In this election season, the need for a more dynamic small-business sector has become one of the dominant campaign themes amid growing concerns that the chaebols’ economic dominance is stifling growth of SMEs as the big companies tower over almost every area of business.

Politicians have promised to pare back the dominance of the chaebol, by cracking down on the complex cross-shareholdings between subsidiaries that give the founding families undue influence, while propping up SMEs, which account for 90 per cent of jobs, by expanding easy credits for them and barring chaebol companies from entering specific business areas.
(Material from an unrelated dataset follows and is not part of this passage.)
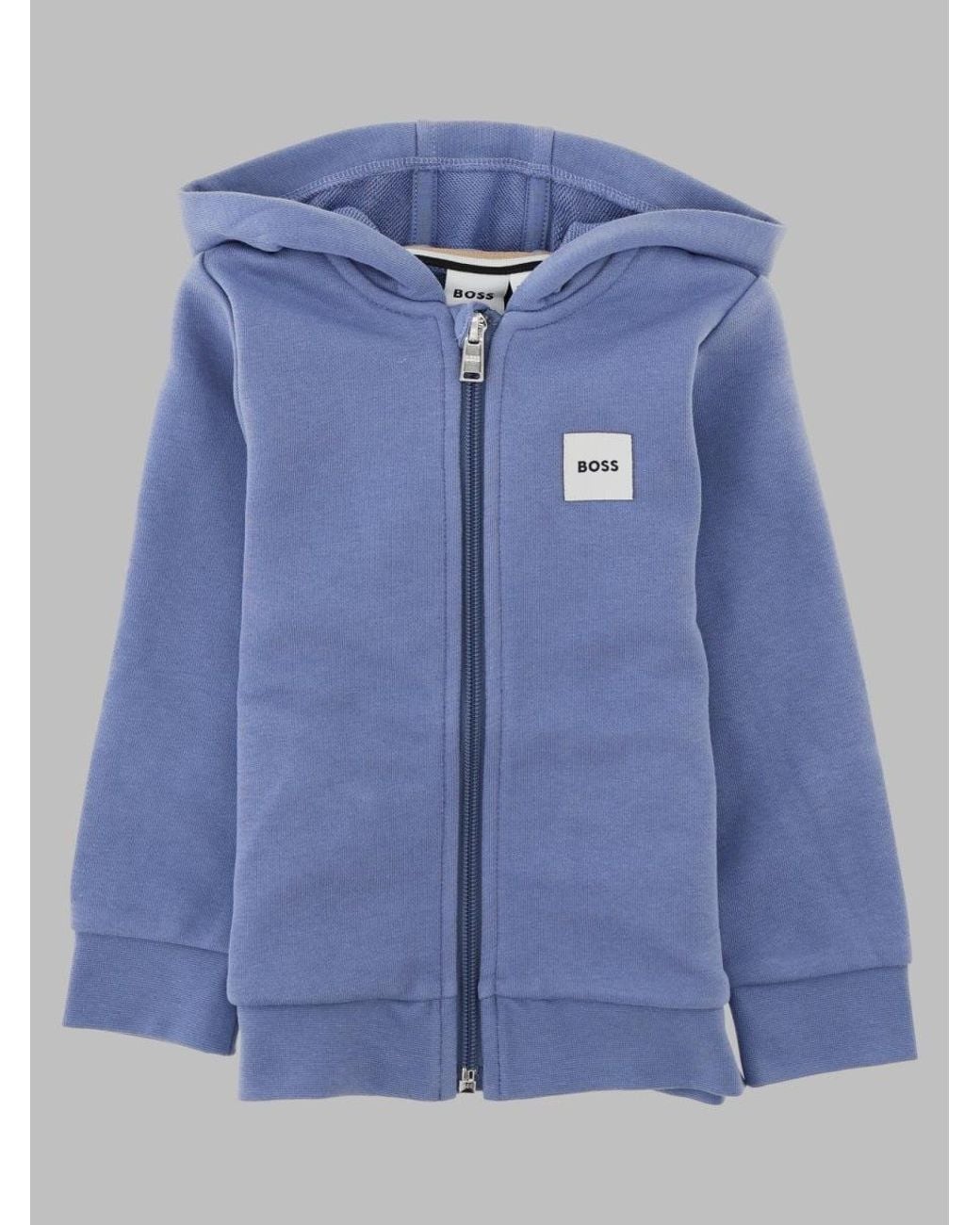 Boss Blue Kids Cotton Blend Sweatshirt
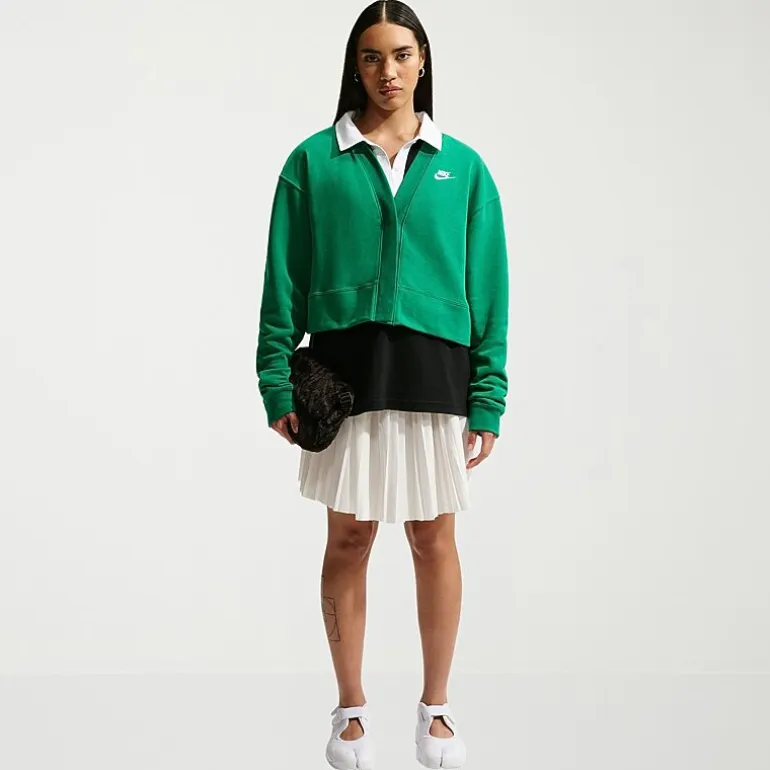 Nike Womens V Neck Long Sleeve Cardigan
Such election pledges and vague hopes for benefits to companies with political ties have prompted retail investors to snap up the so-called politically themed stocks in the past year. But their gamble threatens to turn into a disaster as the bubble starts to pop with the December election nearing.

The country’s financial watchdog has said that about 1.95m Korean investors have suffered a combined Won1.5tn of losses by investing in 35 election-themed stocks, even though their prices rose by an average 93 per cent during the year to June 2012.
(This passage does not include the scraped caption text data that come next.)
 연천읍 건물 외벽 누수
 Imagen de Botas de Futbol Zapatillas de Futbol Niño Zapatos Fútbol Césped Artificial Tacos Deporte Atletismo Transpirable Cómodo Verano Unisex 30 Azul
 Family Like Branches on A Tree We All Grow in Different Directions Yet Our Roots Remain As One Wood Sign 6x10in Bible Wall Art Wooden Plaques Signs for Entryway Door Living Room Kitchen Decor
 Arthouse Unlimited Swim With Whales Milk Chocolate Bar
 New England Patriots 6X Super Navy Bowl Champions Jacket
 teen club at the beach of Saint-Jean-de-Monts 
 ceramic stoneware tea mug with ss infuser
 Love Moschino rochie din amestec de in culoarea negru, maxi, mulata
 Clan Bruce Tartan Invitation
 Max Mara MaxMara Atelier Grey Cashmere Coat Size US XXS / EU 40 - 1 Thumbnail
AhnLab itself is a prime example. The shares have endured a rollercoaster ride in the past year, surging more than five fold from Won30,000 in September 2011 to around Won160,000 in early January but falling back about 60 per cent since.

EG, a chemical company owned by Park Ji-man, the younger brother of the ruling party’s presidential candidate Park Geun-hye, is another example.

Its shares have risen about 70 per cent to Won41,000 over the past year although they are now trading at half their January peak of Won80,700.

The outsized gains in such election-driven stocks have prompted the Financial Supervisory Service to set up a taskforce to look into speculative forces alleged to be manipulating share prices.

The FSS has also introduced measures to protect retail investors by halting trading in some “dangerously overheating” stocks for a day and regulating their trading prices for three days.

Despite the correction in some overheating stocks, analysts expect the small-cap rally to continue for some time, with investor interest in politically themed stocks likely to last at least until the election day.

“They are not driven by fundamentals, but by expectations for a political event, which is totally unpredictable,” says Lim Soo-kyun, an analyst at Samsung Securities.

“Some of the small-cap shares such as IT parts makers and tour agencies relying on Chinese tourists have a real growth story but most of them are overshooting their fundamentals. Investors need to be careful as a bubble is bound to pop.”